(Beginning of Record excerpts)
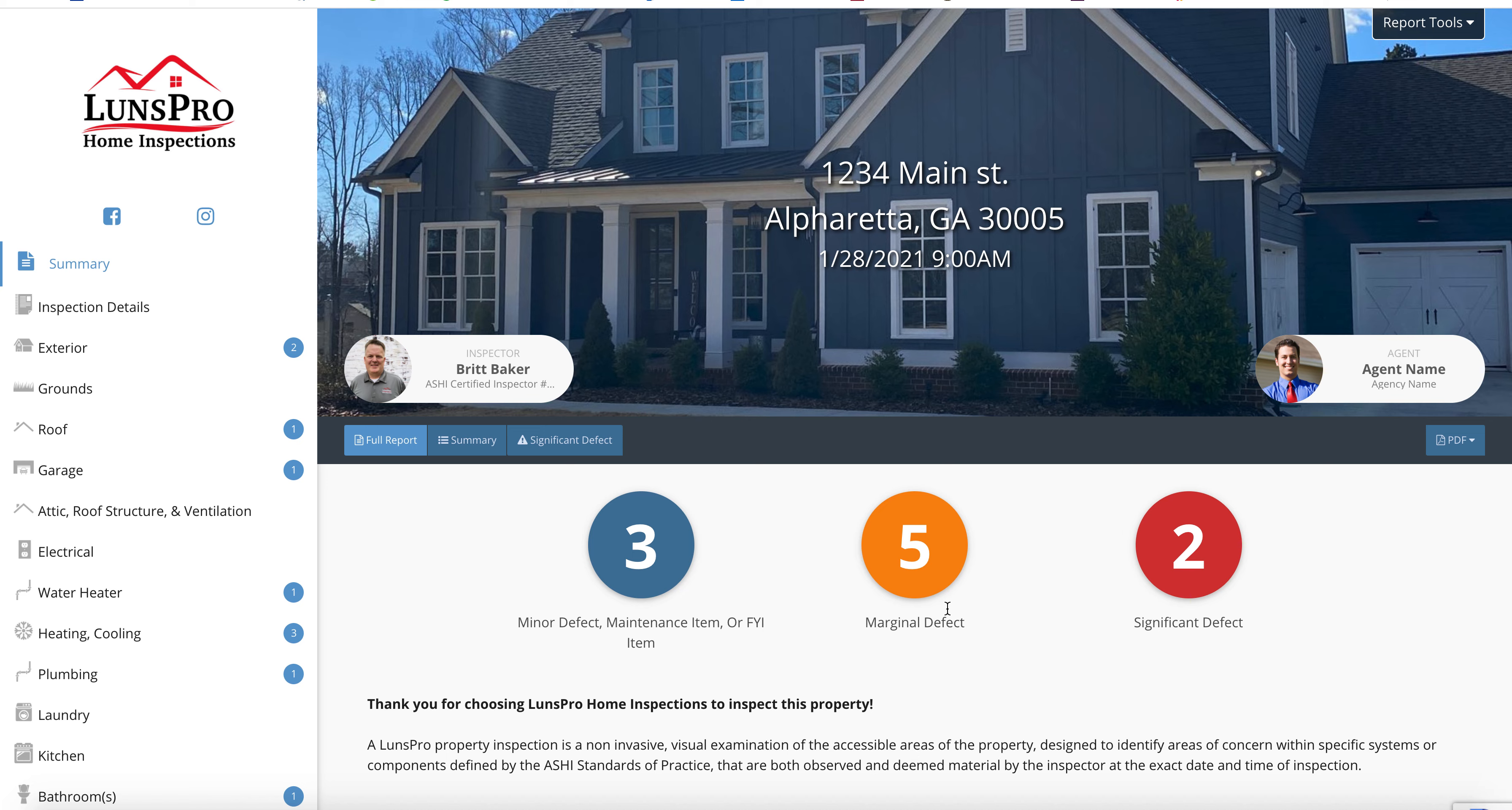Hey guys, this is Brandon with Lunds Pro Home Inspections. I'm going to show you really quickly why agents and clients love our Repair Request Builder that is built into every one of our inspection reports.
(End of Record excerpts)
(Beginning of Record excerpts)
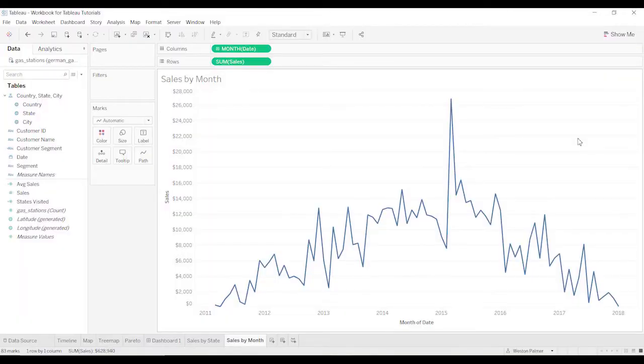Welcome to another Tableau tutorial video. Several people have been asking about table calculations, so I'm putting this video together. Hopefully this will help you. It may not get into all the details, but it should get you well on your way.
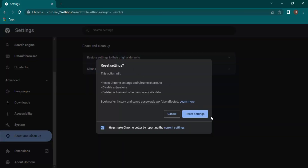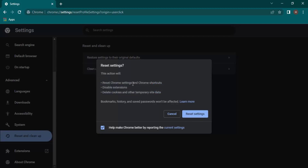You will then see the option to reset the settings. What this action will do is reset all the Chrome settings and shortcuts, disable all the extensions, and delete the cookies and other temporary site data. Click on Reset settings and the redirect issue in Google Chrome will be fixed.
(End of Record excerpts)
(Beginning of Record excerpts)
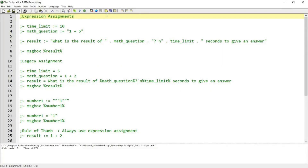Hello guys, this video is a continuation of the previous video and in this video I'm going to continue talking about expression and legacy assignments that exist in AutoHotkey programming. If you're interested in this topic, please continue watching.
(End of Record excerpts)
- _What you should do_: How would the lines above read from the one with "Welcome to another" to the one with "You will then", inclusive, with no pictures? Write them out exactly.

- _Exercise result_:
Welcome to another Tableau tutorial video. Several people have been asking about table calculations, so I'm putting this video together. Hopefully this will help you. It may not get into all the details, but it should get you well on your way.
You will then see the option to reset the settings. What this action will do is reset all the Chrome settings and shortcuts, disable all the extensions, and delete the cookies and other temporary site data. Click on Reset settings and the redirect issue in Google Chrome will be fixed.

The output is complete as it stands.